Ok, third iteration of the patch in attachment. It passes make check.
As discussed in [1], this version keeps 50 lines of the identical
suffix around, to give the algorithm a good chance to generate a diff
output of good quality (in all but the most extreme cases, this will
be the same as with the original svn_diff algorithm).
That's about the only difference with the previous iteration. So for
now, I'm submitting this for review. Any feedback is very welcome :-).

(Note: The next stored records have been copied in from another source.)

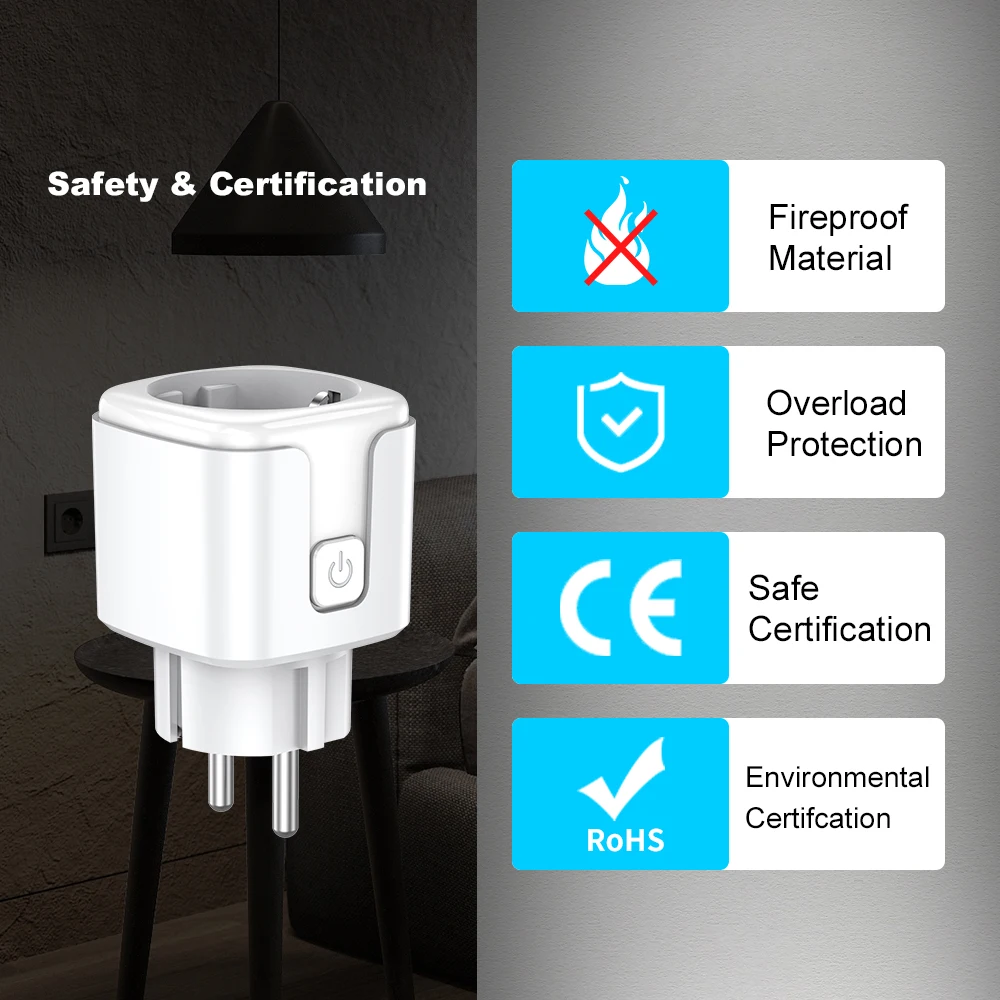 EU Plug Zigbee3.0 20A adapter,Smart Socket Monitor Timing  outlet With Power Monitor Work With Google Home Zigbee2MQTT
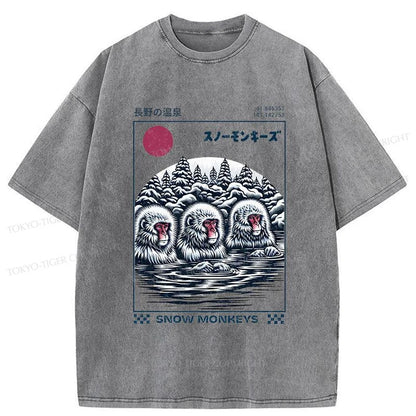 Tokyo-Tiger Snow Monkeys Japanese Washed T-Shirt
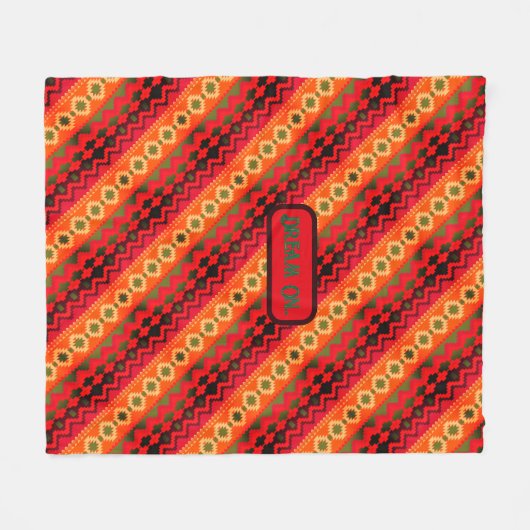 Red Orange Green Aztec Fleecedecke (Vorderseite (Horizontal))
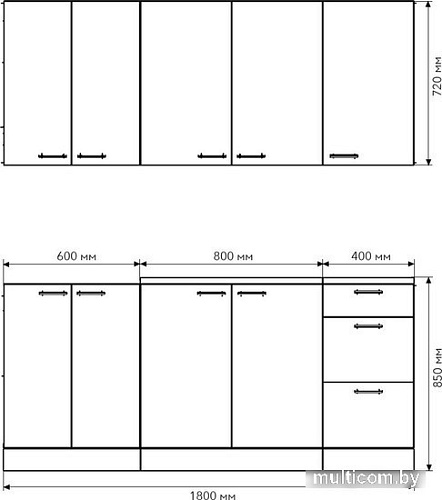 Готовая кухня Агута Альфа 1.8 (дуб золотой/сатин/этория)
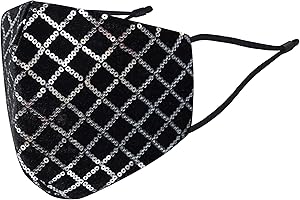 The Spirit Store Stoffmaske Mund und Nasenschutz Glitzer Pailletten Glänzend | Stoff-Maske Motiv Schwarz | Waschbar Wiederverwendbar Baumwolle (1 x 1 Einheit)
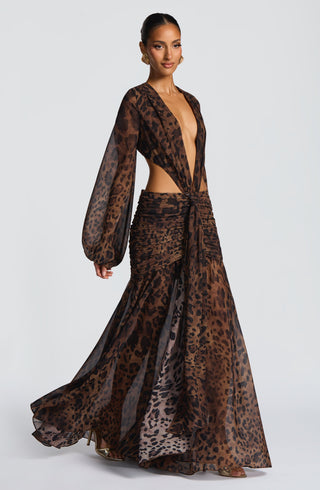 T.X Andrina Maxi Dress Leopard Print Chiffon Long Sleeve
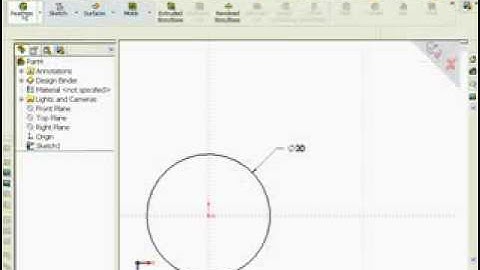 SolidWorks Lesson Circle Cylinder for Glass Test Tube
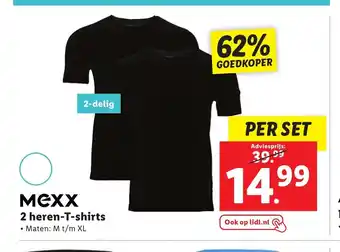 Lidl Mexx 2 heren-T-shirts maten: M t/m XL aanbieding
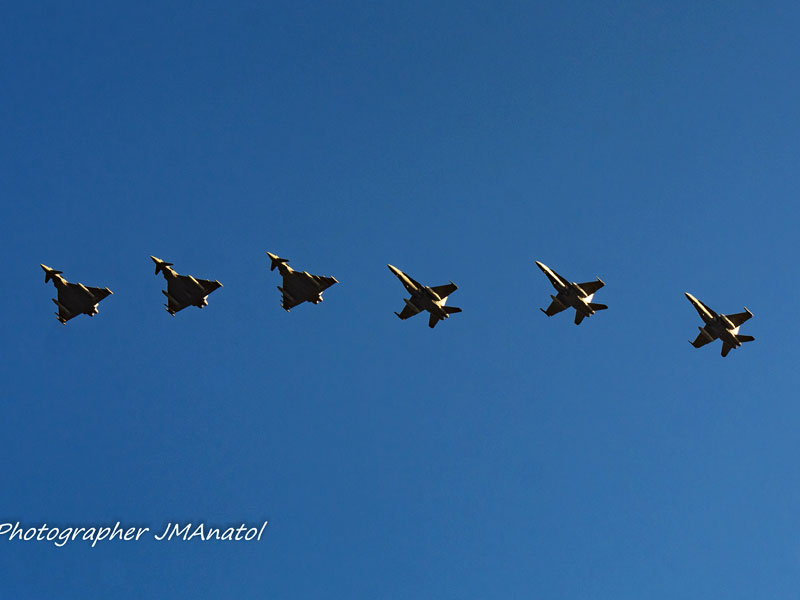 Formación de F-18 y Eurofighter. Foto de Anatol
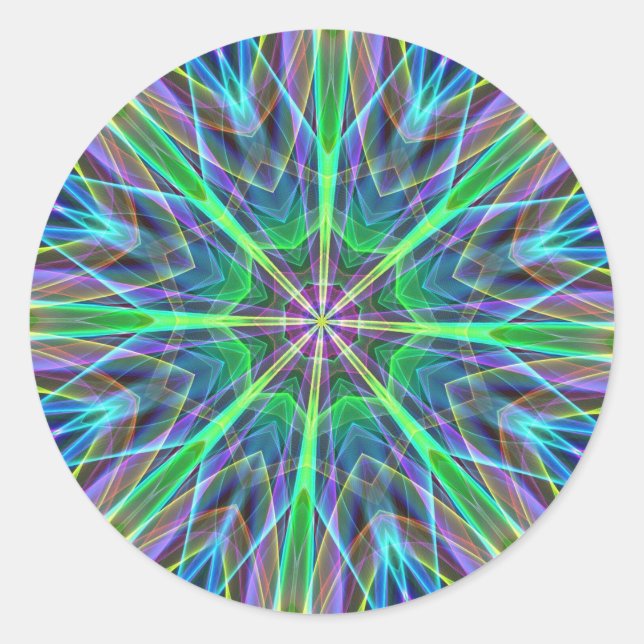 Pegatina Redonda Guay Vibrant Neon Pastel Aura Mandela (Anverso)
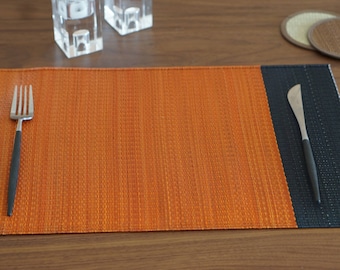 6 set of Igusa, rush grass placemat, Japanese placemat, Pumpkin, orange color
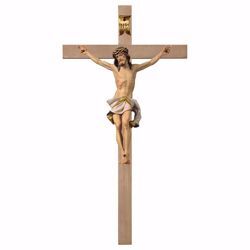 Immagine di Crocifisso Nazareno Bianco su Croce liscia cm 124x62 (55,9x24,4 inch) Scultura da parete dipinta ad olio in legno Val Gardena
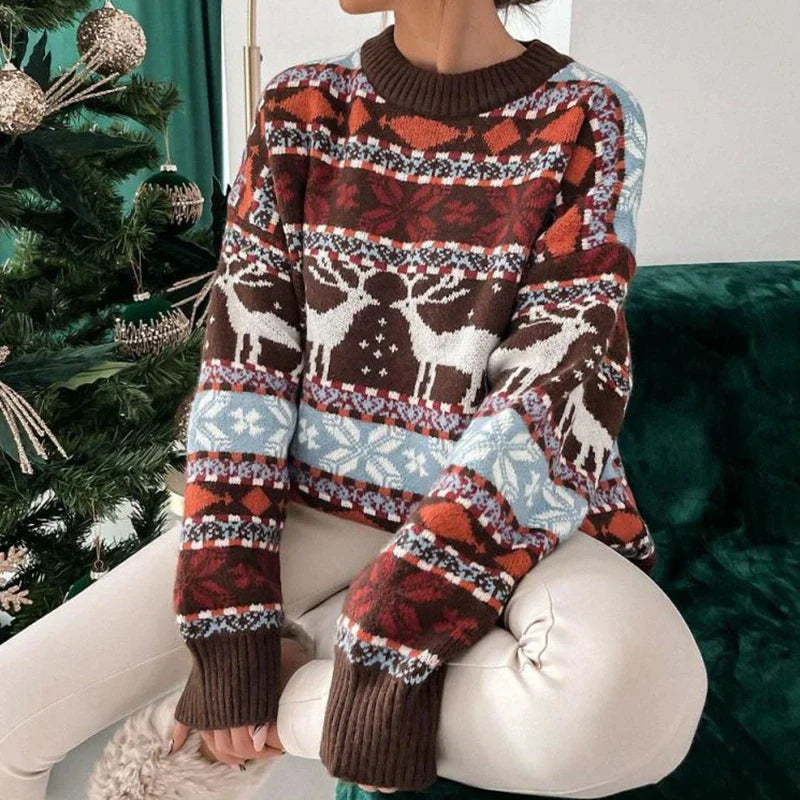 Buiten Blik Modelable Holiday Sweaters Met Een Feestelijk Rendierpatroon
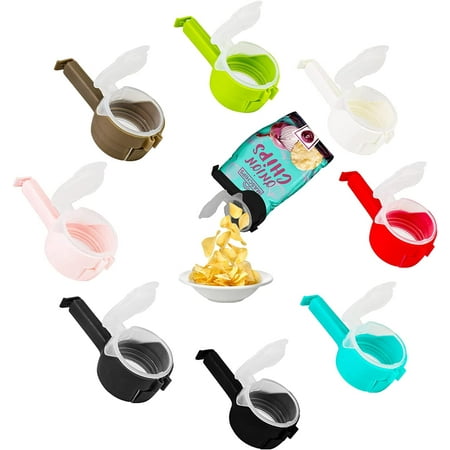 

Closing clips with spout - 8 set of plastic bag clips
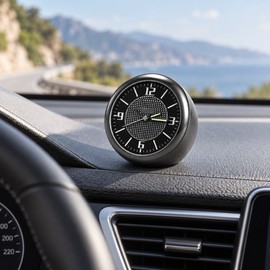 Mini Car Clock Dashboard Accessory – 4cm Luminous Quartz Analog Watch with Stick-On Mount for Vehicle Interior Decoration
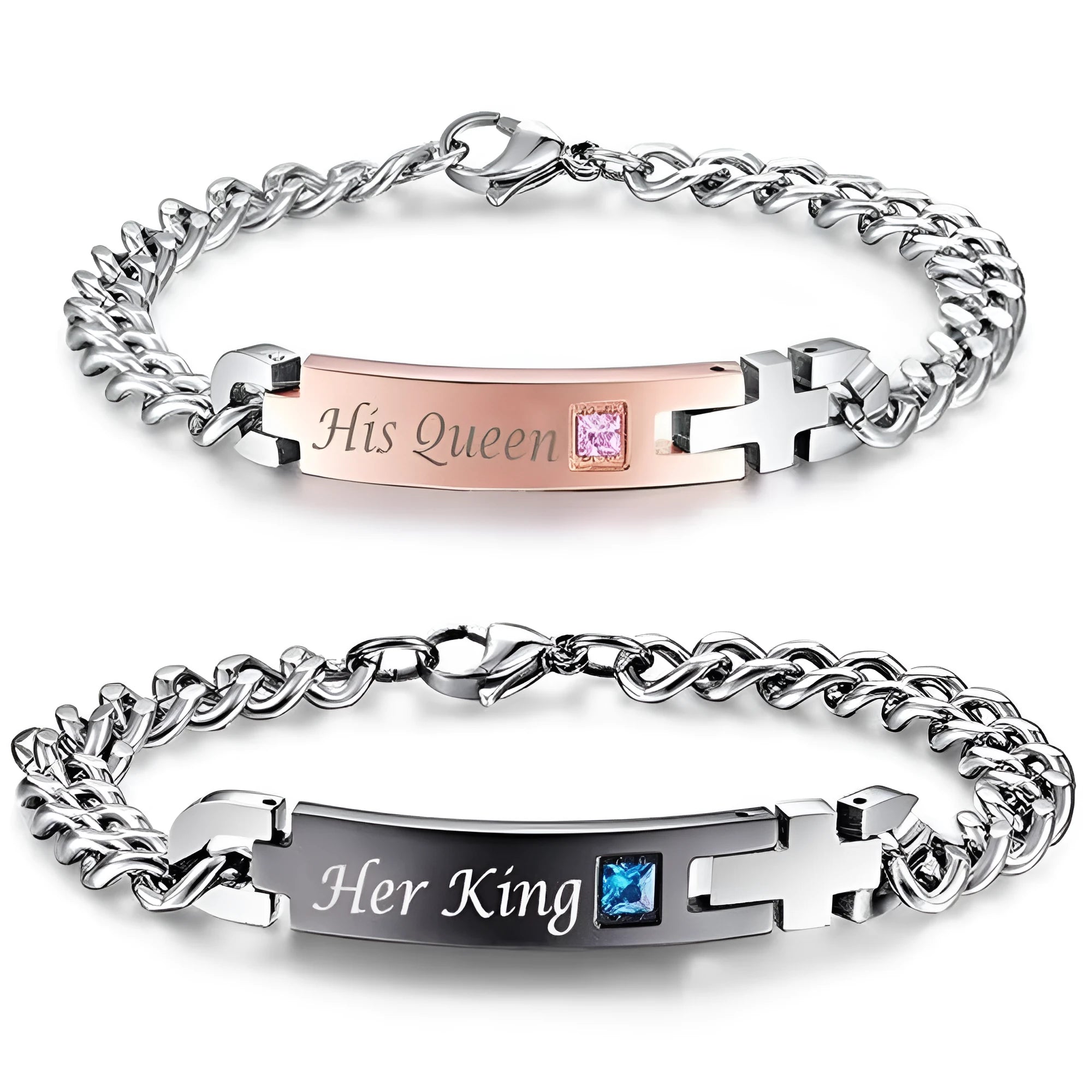 Gold and black couple bracelets in stainless steel with geometric design and adjustable chain lengths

I still consider this a WIP, because of the following remaining todo's
(which may have a lot of impact on the current implementation):
- Generalize for more than 2 datasources (for diff3 and diff4).
- revv svn_diff_fns_t and maybe other stuff I've changed in public API.
- Add support for -x-b, -x-w, and -x--ignore-eol-style options. Maybe
switch the implementation to read out entire lines before comparing
(like datasources_get_next_token does).
Log message:
[[[
Make svn_diff_diff skip identical prefix and suffix to make diff and blame
faster.
* subversion/include/svn_diff.h
(svn_diff_fns_t): Added new function types datasources_open and
get_prefix_lines to the vtable.
* subversion/libsvn_diff/diff_memory.c
(datasources_open): New function (does nothing).
(get_prefix_lines): New function (does nothing).
(svn_diff__mem_vtable): Added new functions datasources_open and
get_prefix_lines.
* subversion/libsvn_diff/diff_file.c
(svn_diff__file_baton_t): Added members prefix_lines, suffix_start_chunk[4]
and suffix_offset_in_chunk.
(increment_pointer_or_chunk, decrement_pointer_or_chunk): New functions.
(find_identical_prefix, find_identical_suffix): New functions.
(datasources_open): New function, to open both datasources and find their
identical prefix and suffix. From the identical suffix, 50 lines are kept to
help the diff algorithm find the nicest possible diff representation
in case of ambiguity.
(get_prefix_lines): New function.
(datasource_get_next_token): Stop at start of identical suffix.
(svn_diff__file_vtable): Added new functions datasources_open and
get_prefix_lines.
* subversion/libsvn_diff/diff.h
(svn_diff__get_tokens): Added argument "datasource_opened", to indicate that
the datasource was already opened.
* subversion/libsvn_diff/token.c
(svn_diff__get_tokens): Added argument "datasource_opened". Only open the
datasource if datasource_opened is FALSE. Set the starting offset of the
position list to the number of prefix lines.
* subversion/libsvn_diff/lcs.c
(svn_diff__lcs): Added argument "prefix_lines". Use this to correctly set
the offset of the sentinel position for EOF, even if one of the files
became empty after eliminating the identical prefix.
* subversion/libsvn_diff/diff.c
(svn_diff__diff): Add a chunk of "common" diff for identical prefix.
(svn_diff_diff): Use new function datasources_open, to open original and
modified at once, and find their identical prefix and suffix. Pass
prefix_lines to svn_diff__lcs and to svn_diff__diff.
* subversion/libsvn_diff/diff3.c
(svn_diff_diff3): Pass datasource_opened = FALSE to svn_diff__get_tokens.
Pass prefix_lines = 0 to svn_diff__lcs.
* subversion/libsvn_diff/diff4.c
(svn_diff_diff4): Pass datasource_opened = FALSE to svn_diff__get_tokens.
Pass prefix_lines = 0 to svn_diff__lcs.
]]]
Cheers,
--
Johan
[1] http://svn.haxx.se/dev/archive-2010-10/0141.shtml
Received on 2010-10-09 00:56:41 CEST